# Call Directv and ask for a DVR fee credit on your R15



## vlj9r (Nov 23, 2005)

I think everyone should call Directv to request a credit on the monthly R15's DVR fee. I called them and explained all the problems I was having with this unit and politely asked them to credit my account the DVR fee until the major bugs were resolved. They apologized for all my problems and agreed to credit $10 to my account for the next 6 months but never acknowledge any issues with the R15. Hopefully, that is enough time for them to fix the R15.

DTV should acknowledge the problems they are having with the R15. Maybe not on their home page but maybe in their forums.


----------



## DTV TiVo Dealer (Sep 27, 2003)

Good job vlj9r!

-Robert


----------



## Manchesters (Nov 20, 2005)

Well, phooey!!!!! I ain't having no problems with my unit yet!!!  Never thought I would like to see problems so I could make some money, !!!  Of course I have only had it running for a 1 1/2 days, so there might be hope yet, bwaahahahahah :lol: :lol: !!!


----------



## Capmeister (Sep 16, 2003)

There's a $10 a month fee on this DVR?


----------



## vlj9r (Nov 23, 2005)

There isn't. I asked for the credit on the dvr fee but the CSR opted to credit me $10 when he saw I was subbed to the sports package. My guess it is easier for them to do it that way than to credit the actual DVR fee.

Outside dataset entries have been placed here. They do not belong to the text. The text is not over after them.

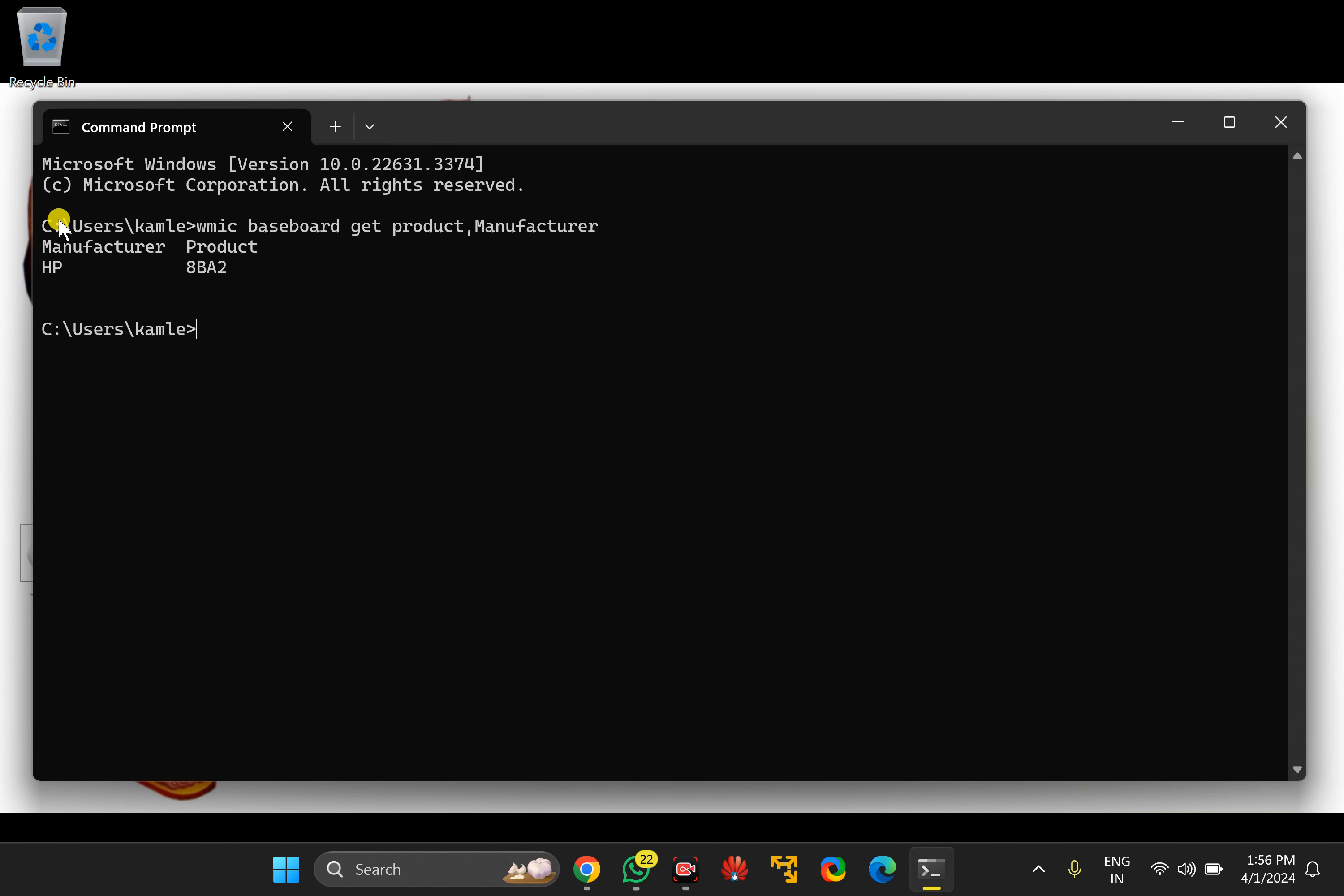This will display the manufacturer as well as model number of your motherboard. I will put this command in the video description, so you can copy it from there if needed.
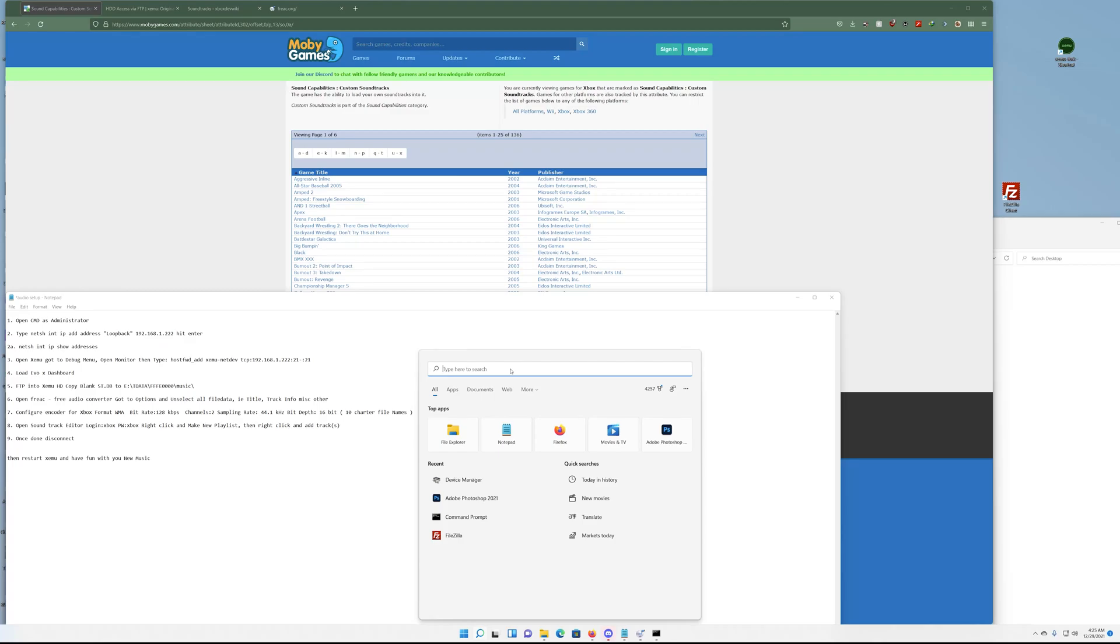Good morning everyone and welcome back to the channel, this is Shy Dreams making a short tutorial here on how to add music to your Xbox emulator so you can have custom in-game music for your games, the ones that at least support them. We'll have a link in the description.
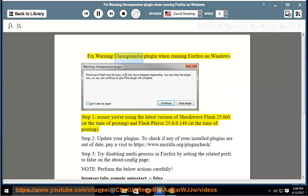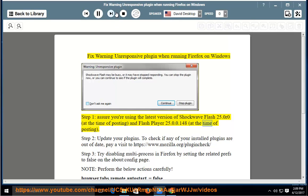Fix warning: unresponsive plugin when running Firefox on Windows. Step 1: ensure you're using the latest version of Shockwave Flash 25.0R0 and Flash Player 25.0.0.148, at the time of posting.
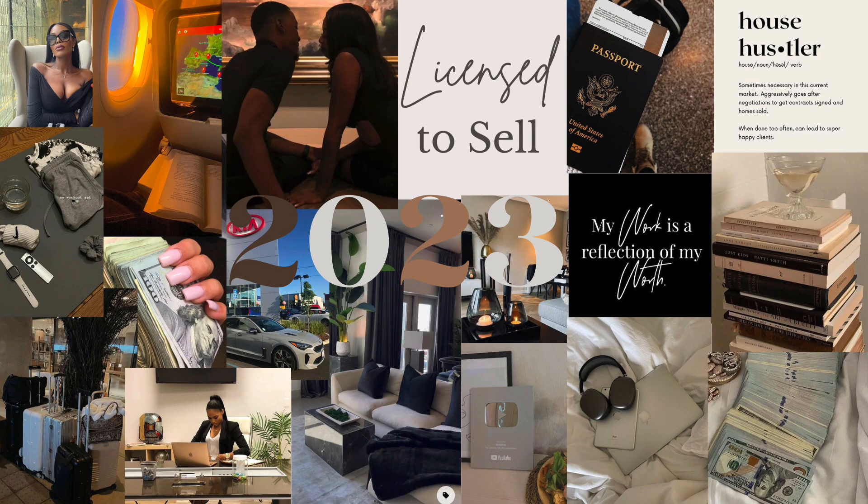Today we're actually going to be doing a digital vision board. This is actually my first time doing a digital board because this is my first time doing a vision board in general. I'm not really big on vision boards, I don't really do vision boards. So this will be my first time doing a vision board.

Don't get me wrong. The R15 has some nice features like the speed of the guide and how quickly you can mark something to record without having to wait like on the TIVO. This R15 has potential. 

I only wish DTV would break their silence and post something on their website to acknoledge our gripes about the R15.


----------



## 01ds650 (Nov 20, 2005)

I got the $10 credit on my sports pack too. BUT I got it last Aug. before the R15 was out. I guess it's a special they run.... It's a good deal all those sports channels for only $2 a month with the credit. 

BTW, my mom just got 5 channels of Cinemax through Dish for only $3 a month. I thought was a good deal.


----------